Invisibility cloaks could take sting out of tsunamis

Wednesday, October 1st, 2008

Invisibility cloaks could take sting out of tsunamis — but not by hiding from them:

The first working invisibility cloak, built in 2006, guided microwaves around a small, flat copper ring as if it wasn’t there. By October 2007, a device repeated the trick for harder-to-handle visible light, and some progress is reported on the yet more complex task of making cloaks to hide 3D objects.

Now Stefan Enoch at the Fresnel Institute in Marseille, France, says that established cloaking principles could be applied to ocean waves, which are essentially two-dimensional.

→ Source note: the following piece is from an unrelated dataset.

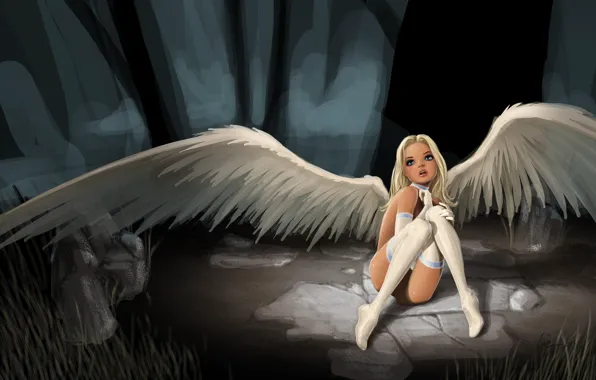 Look, girl, pose, fiction, angel, art, blonde, sitting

So the idea does not involve an invisibility cloak at all, just the concept behind it, which involves manipulating two-dimensional waves:

To prove it, the researchers have built a prototype 10 centimetres across (see image, right) for testing in a wave tank. Concentric rings of rigid pillars form a labyrinth of radial and concentric corridors.

It may look like waves could pass easily along the radial corridors to the cloak’s centre. But they interact with the pillars, producing forces that pull water along the concentric corridors instead.

“Basically, the cloak behaves like a whirlpool,” says Sebastian Guenneau at the University of Liverpool, UK, and a member of Enoch’s team. “The further you go into the whirlpool, the faster you rotate.”

The spinning rate increases close to the cloak’s centre where the concentric corridors are narrower, making the forces greater, he explains.

As the water whizzes around the cloak, the waves are flung out again along the radial corridors. “If you imagine water entering the cloak from the north, some leaves the cloak to the east, and some leaves to the west, but most is thrown out at the south,” says Guenneau.

The waves exiting the cloak travel as if they have not been disturbed at all, he says.

Perfect for protecting oil rigs — or seasteads.